Re: [ClusterLabs] trigger something at ?

2024-02-01 Thread lejeczek via Users



On 31/01/2024 18:11, Ken Gaillot wrote:

On Wed, 2024-01-31 at 16:37 +0100, lejeczek via Users wrote:

On 31/01/2024 16:06, Jehan-Guillaume de Rorthais wrote:

On Wed, 31 Jan 2024 16:02:12 +0100
lejeczek via Users  wrote:


On 29/01/2024 17:22, Ken Gaillot wrote:

On Fri, 2024-01-26 at 13:55 +0100, lejeczek via Users wrote:

Hi guys.

Is it possible to trigger some... action - I'm thinking
specifically
at shutdown/start.
If not within the cluster then - if you do that - perhaps
outside.
I would like to create/remove constraints, when cluster
starts &
stops, respectively.

many thanks, L.


You could use node status alerts for that, but it's risky for
alert
agents to change the configuration (since that may result in
more
alerts and potentially some sort of infinite loop).

Pacemaker has no concept of a full cluster start/stop, only
node
start/stop. You could approximate that by checking whether the
node
receiving the alert is the only active node.

Another possibility would be to write a resource agent that
does what
you want and order everything else after it. However it's even
more
risky for a resource agent to modify the configuration.
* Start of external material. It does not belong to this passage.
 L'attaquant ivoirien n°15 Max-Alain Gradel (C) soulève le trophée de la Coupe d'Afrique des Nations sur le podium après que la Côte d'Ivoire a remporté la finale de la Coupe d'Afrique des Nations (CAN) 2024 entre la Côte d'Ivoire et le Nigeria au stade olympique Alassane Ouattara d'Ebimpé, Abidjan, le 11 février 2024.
Finally you could write a systemd unit to do what you want and
order it
after pacemaker.

What's wrong with leaving the constraints permanently
configured?

yes, that would be for a node start/stop
I struggle with using constraints to move pgsql (PAF) master
onto a given node - seems that co/locating paf's master
results in troubles (replication brakes) at/after node
shutdown/reboot (not always, but way too often)

What? What's wrong with colocating PAF's masters exactly? How does
it brake any
replication? What's these constraints you are dealing with?

Could you share your configuration?

Constraints beyond/above of what is required by PAF agent
itself, say...
you have multiple pgSQL cluster with PAF - thus multiple
(separate, for each pgSQL cluster) masters and you want to
spread/balance those across HA cluster
(or in other words - avoid having more that 1 pgsql master
per HA node)
These below, I've tried, those move the master onto chosen
node but.. then the issues I mentioned.

-> $ pcs constraint location PGSQL-PAF-5438-clone prefers
ubusrv1=1002
or
-> $ pcs constraint colocation set PGSQL-PAF-5435-clone
PGSQL-PAF-5434-clone PGSQL-PAF-5433-clone role=Master
require-all=false setoptions score=-1000


Anti-colocation sets tend to be tricky currently -- if the first
resource can't be assigned to a node, none of them can. We have an idea
for a better implementation:

  https://projects.clusterlabs.org/T383

In the meantime, a possible workaround is to use placement-
strategy=balanced and define utilization for the clones only. The
promoted roles will each get a slight additional utilization, and the
cluster should spread them out across nodes whenever possible. I don't
know if that will avoid the replication issues but it may be worth a
try.

using _balanced_ causes a small mayhem to PAF/pgsql:

-> $ pcs property
Cluster Properties:
 REDIS-6380_REPL_INFO: ubusrv3
 REDIS-6381_REPL_INFO: ubusrv2
 REDIS-6382_REPL_INFO: ubusrv2
 REDIS-6385_REPL_INFO: ubusrv1
 REDIS_REPL_INFO: ubusrv1
 cluster-infrastructure: corosync
 cluster-name: ubusrv
 dc-version: 2.1.2-ada5c3b36e2
 have-watchdog: false
 last-lrm-refresh: 1706711588
 placement-strategy: default
 stonith-enabled: false

-> $ pcs resource utilization PGSQL-PAF-5438 cpu="20"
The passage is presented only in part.